Source: FSSPX Actualités

L’avocat de l’un des condamnés du procès du Vatican, achevé le 16 décembre 2023, a porté plainte auprès de l’ONU contre le pape François pour « violation des droits de l’homme ». En cause : les méthodes employées dans le cadre de l’enquête judiciaire. Une plainte qui a peu de chances d’aboutir puisque le Saint-Siège n’est pas membre de plein droit des Nations Unies.

La genèse d’une plainte aussi inattendue qu’incongrue remonte à 2012 : « dans les locaux du Crédit Suisse à Londres, un représentant de la secrétairerie d’Etat, et un financier italien, Raffaele Mincione, se rencontrent », raconte le Financial Times rapporté par Les Echos. Ce dernier conseille : « n’investissez pas dans un projet pétrolier en Afrique, mais dans l’immobilier de luxe à Londres ».

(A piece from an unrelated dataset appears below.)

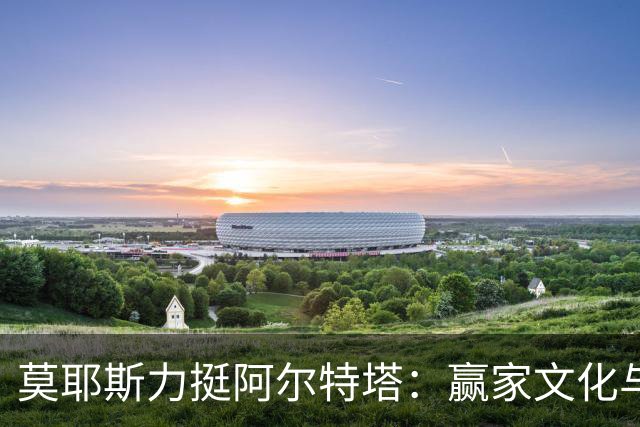 莫耶斯力挺阿尔特塔：赢家文化与酋长球场师徒对决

Un conseil suivi d’effet deux ans plus tard, en 2014, « par le transfert » – jugé frauduleux par les tribunaux du Vatican – « de 150 millions d’euros depuis les comptes du Crédit Suisse et de la Banca della Svizzera Italiana de Lugano à la société holding » de Raffaele Mincione, permettant d’investir dans un immeuble de la capitale britannique, au 60 Sloane Avenue, poursuit Les Echos.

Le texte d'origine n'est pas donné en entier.